Breathing of Weddell seals was characterized by an apneustic pattern with end-inspiratory pauses with functional residual capacity at the end of inspiration. Respiratory flow rate and tidal volume peaked within the first 3 min after surfacing. Lung volume reductions before and increases after diving were approximately 20% of the lung volume at rest. Thoracic circumference changed by less than 2% during diving. The excess CO2 eliminated after dives correlated closely with the duration of the preceding dive. Nitric oxide was not present in the expired gas.

Conclusion

Our data suggest that most of the changes in lung volume during diving result from compression and decompression of the gas remaining in the respiratory tract. Cranial shifts of the diaphragm and translocation of blood into the thorax rather than a reduction of thoracic circumference appear to compensate for lung collapse. The time to normalise gas exchange after surfacing was mainly determined by the accumulation of CO2 during the dive. These findings underline the remarkable adaptations of the Weddell seal for restoring lung volume and gas exchange after diving.

Introduction

The extreme diving capabilities of Weddell seals (Leptonychotes weddelli) are due to their high storage capacity for oxygen (Qvist et al., 1986, Guyton et al., 1995, Kooyman and Ponganis, 1998) and its remarkably economical utilization mediated by the diving response (Scholander, 1940, Butler and Jones, 1997). In addition the management of pulmonary gas is paramount for efficient foraging in these animals. They exhale before and immediately after the dive, characteristics of their breathing pattern are obviously important for the handling of the considerable amount of pulmonary nitrogen as well as the regulation of buoyancy. So far only very few quantitative studies on the pattern of respiration before and the restoration of lung volume after free dives have been performed (Kooyman et al., 1971, Kooyman et al., 1973, Parkos and Wahrenbrock, 1987). As originally suggested by Scholander (1940) and in line with Kooyman et al. (1972) study in restrained seals, we have previously demonstrated indirect evidence (by determining blood nitrogen tensions) that the lungs of freely diving Weddell seals undergo alveolar collapse during descent between 25 and 50 m, a phenomenon stopping pulmonary gas exchange and, thus protecting these animals from the unwanted effects of excess nitrogen absorption (Falke et al., 1985). However, directly measured data on the mechanical events associated with lung compression, decompression and full recruitment at surfacing after each dive have been extremely scanty. In a freely diving trained dolphin, visible deformation of the chest wall began to occur between 10 and 60 m depth, and a photograph taken at 300 m depth showed marked thoracic compression from just behind the flippers and posteriorly (Ridgway et al., 1969). Following up on a suggestion of the late Professor Hermann Rahn (personal communication), we attempted to correlate the changes in lung volume during diving with measurements of thoracic circumference.
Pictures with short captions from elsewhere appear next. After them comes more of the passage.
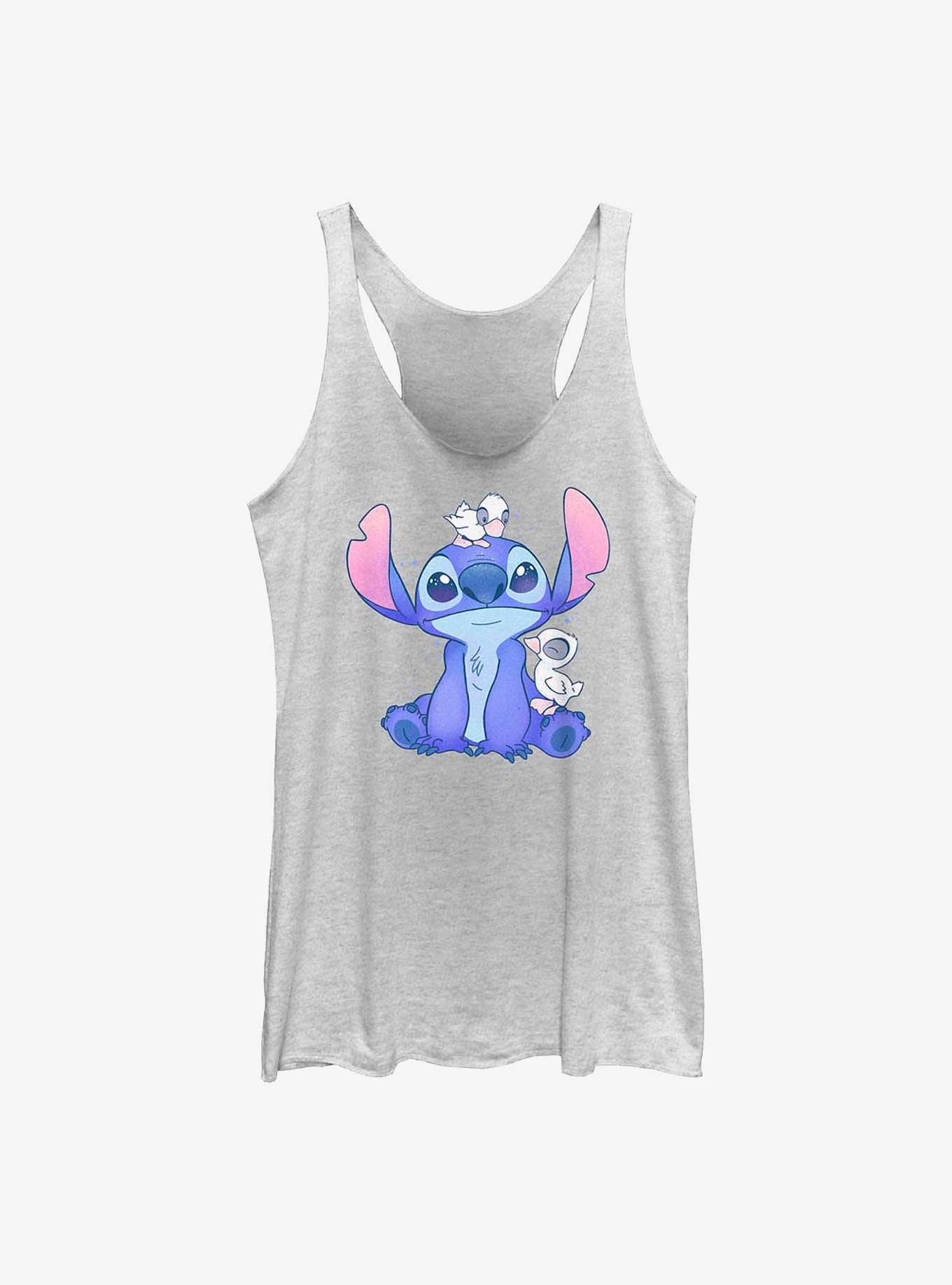 Disney Lilo & Stitch Cute Ducks Girls Tank, WHITE HTR, hi-res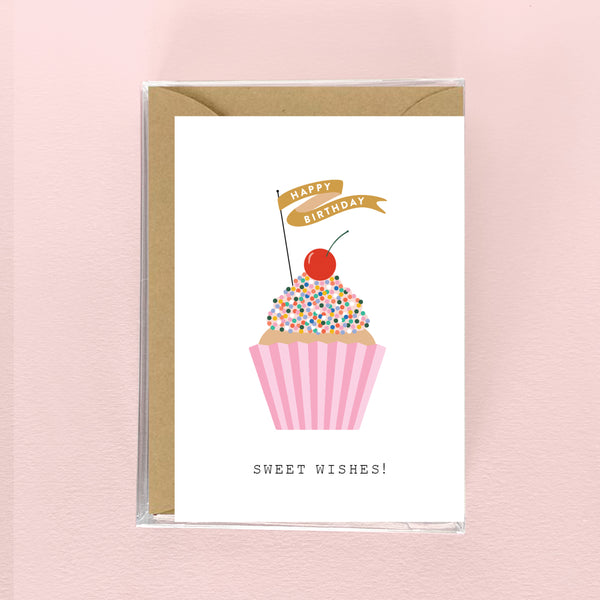 Mini Boxed Set - Happy Birthday Sprinkle Cupcake - 8 Cards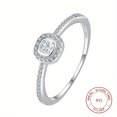 thumbnail image 1 of 1.5g 925 Sterling Silver Ring - Double Layer Square Design with Micro Zircon - Dainty and Stylish - Perfect Gift for Women, 1 of 4
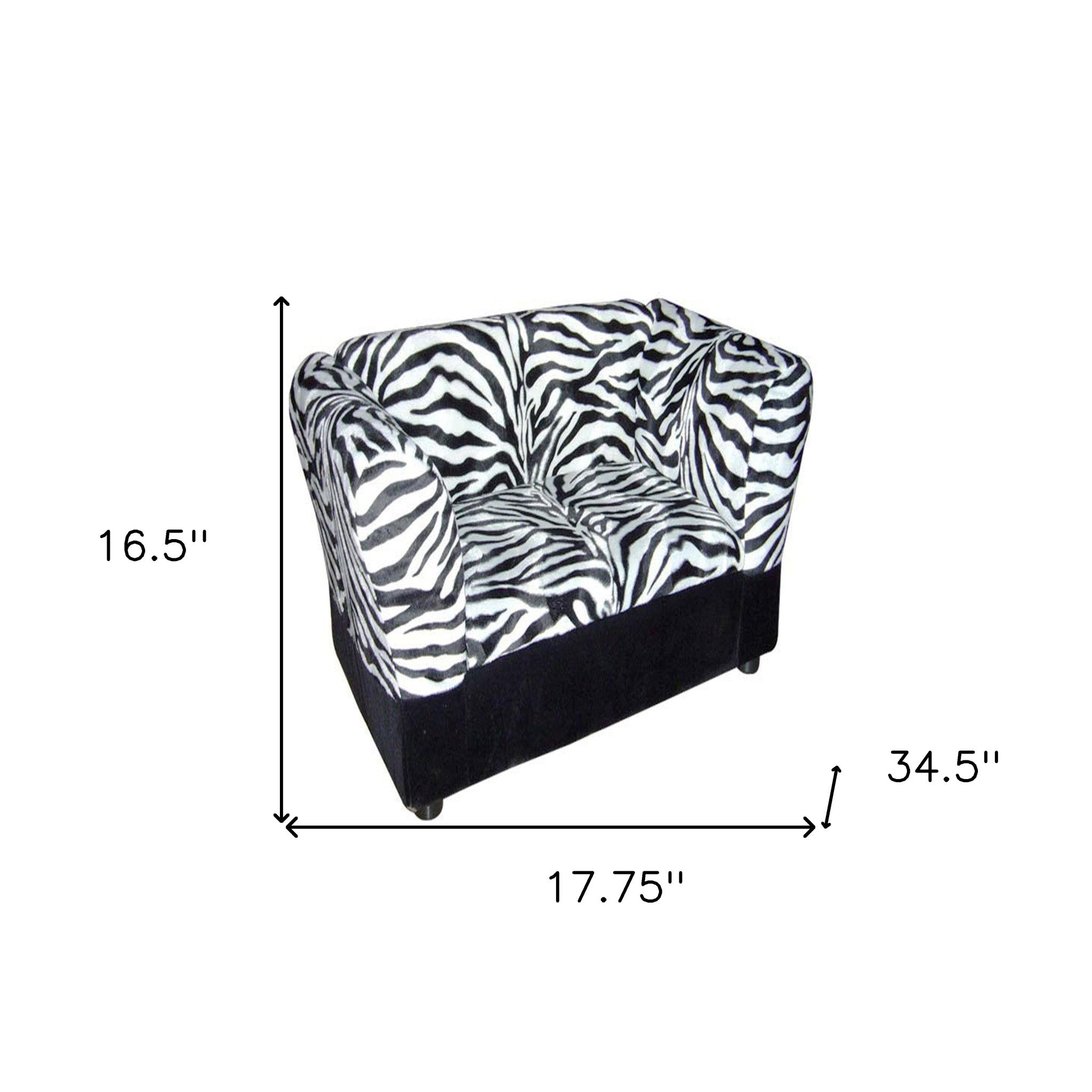 20" Zebra Print Upholstered Club Chair Style Dog Bed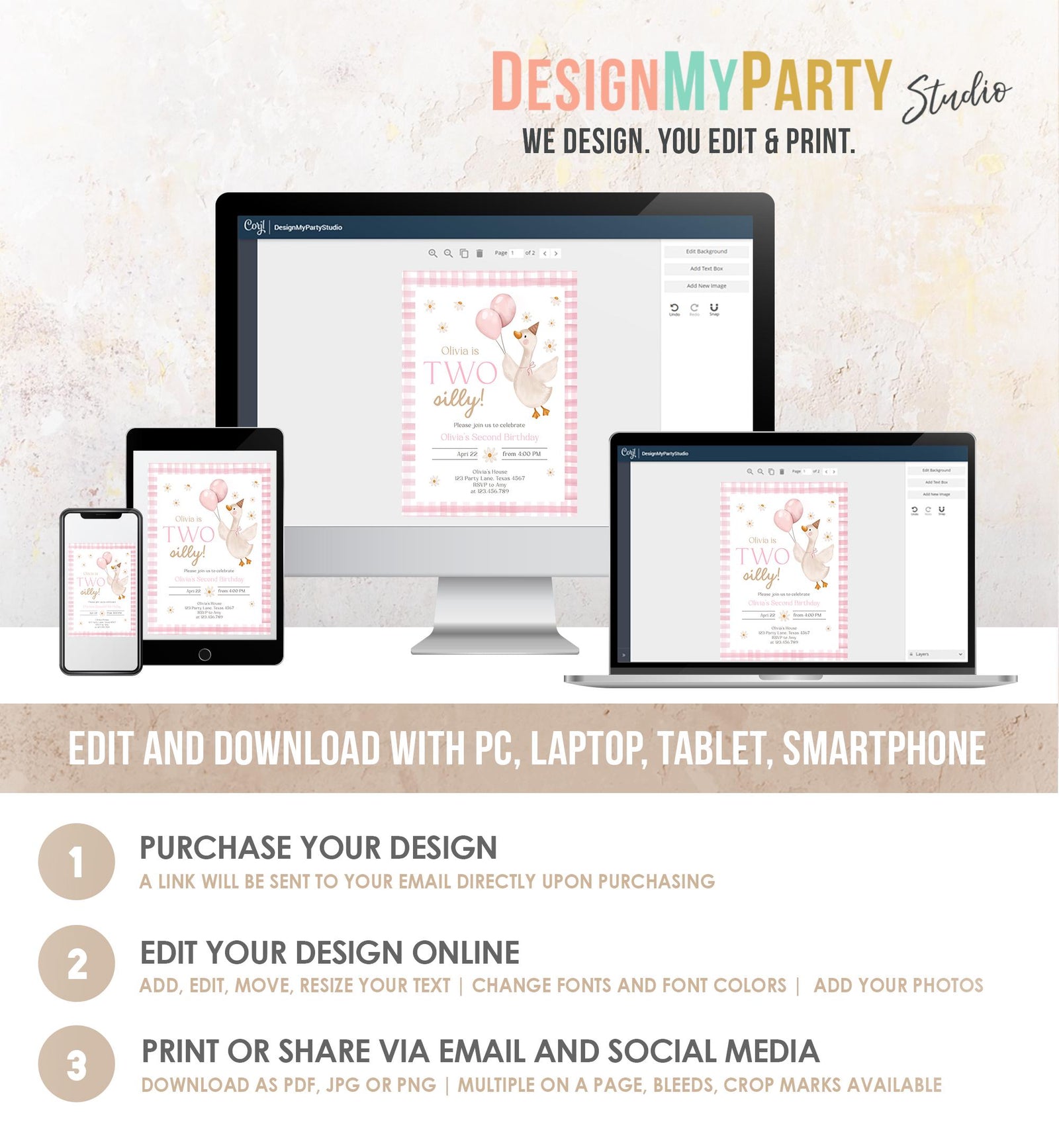 Editable Two Silly Goose Birthday Invitation Pink Girl Spring Birthday Party Goose 2nd Birthday Digital Download Template Printable 0540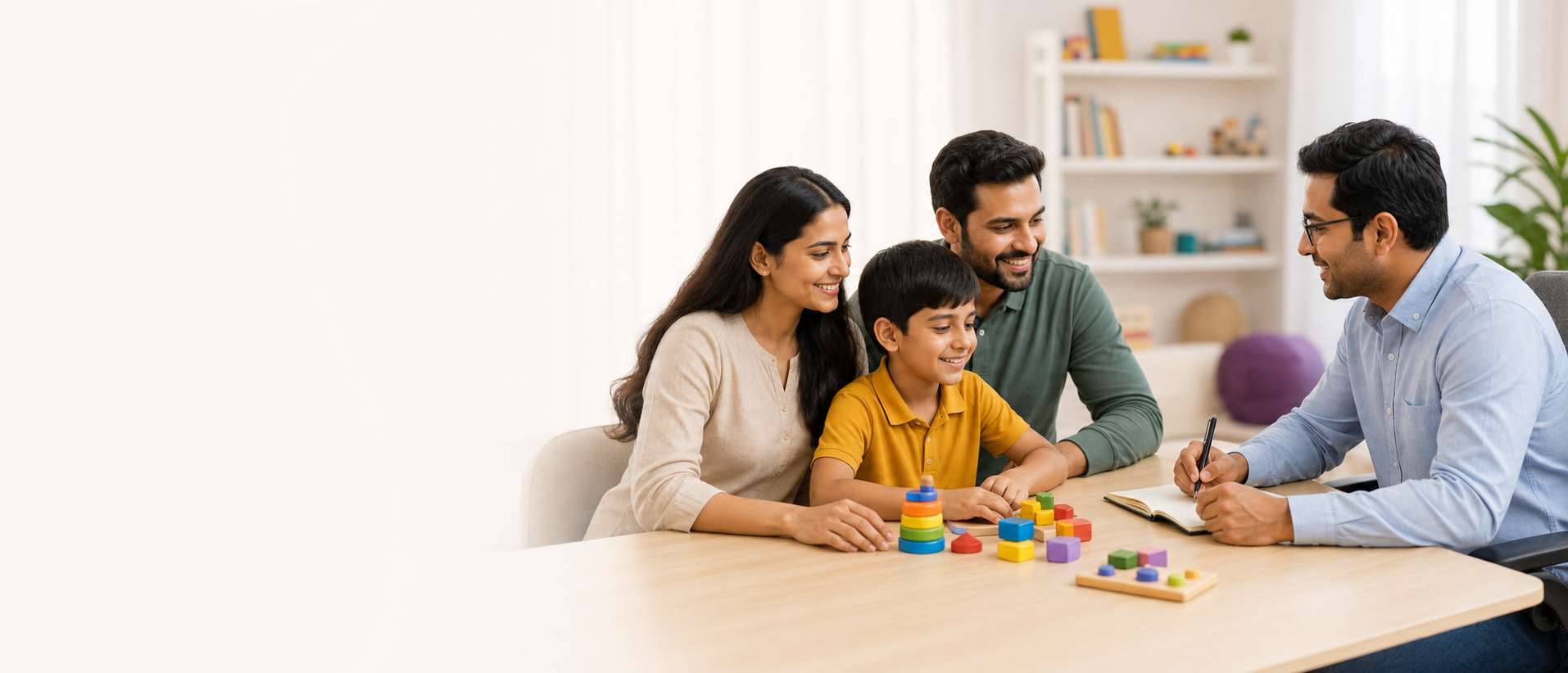 Indian parents and their child receiving supportive developmental guidance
The aerobic diving limit (ADL) of Weddell seals is sufficient (15–20 min) for them to perform most underwater activities under aerobic metabolic conditions (Kooyman et al., 1983, Qvist et al., 1986, Castellini et al., 1992, Ponganis et al., 1993). In prolonged dives, however, the arterial blood oxygen tension (PaO2) may fall below 20 mmHg (Qvist et al., 1986) suggesting that low PaO2 is not necessarily the primary respiratory drive or the most important factor in the regulation of diving behavior (Stephenson, 2005). Instead, a profound impact of CO2 on respiration and diving (Pasche, 1976, Parkos and Wahrenbrock, 1987) has been reported but CO2 elimination was not quantified.

In humans, breath-holding causes a pronounced increase of gaseous nitric oxide concentrations in the upper respiratory tract (Gustafsson et al., 1991, Persson et al., 1990). By analogy we hypothesized that after the prolonged apnea of diving Weddell seals may also accumulate NO in the airways, and because of its potent selective pulmonary vasodilatory effects (Frostell et al., 1991) it might contribute to the re-establishment of pulmonary perfusion after recruitment of the lungs at surfacing.

In the present study, we aimed to extend previous observations (Kooyman et al., 1971, Kooyman et al., 1972, Kooyman et al., 1973, Kooyman, 1981b, Parkos and Wahrenbrock, 1987, Falke et al., 1985, Qvist et al., 1986) on the respiratory functions of freely diving Weddell seals firstly focusing on the respiratory pattern using measurements of respiratory flows as well as lung volumes and its shifts between dives. We quantified the changes in lung volume before, after and between dives expecting that the seal would decrease its lung volume significantly before and restore it to a large extent during the first few breaths after surfacing. We also expected that lung collapse during descent, and recruitment during ascent, would be associated with distinct corresponding changes in thoracic circumference, a hypothesis based on the above mentioned observation made in a dolphin by Ridgeway in 1969. Secondly we measured exhaled CO2 and hypothesized that post dive CO2 elimination (V˙CO2) should correlate with the duration of the dive, a phenomenon which to our knowledge has not been previously reported in unrestrained Weddell seals. Thirdly, we hypothesized that NO should be present in the expired gas of seals in particular after the long breath-hold associated with long dives. Thus, we aimed to determine the concentration of endogenous NO in exhaled respiratory gas upon resurfacing.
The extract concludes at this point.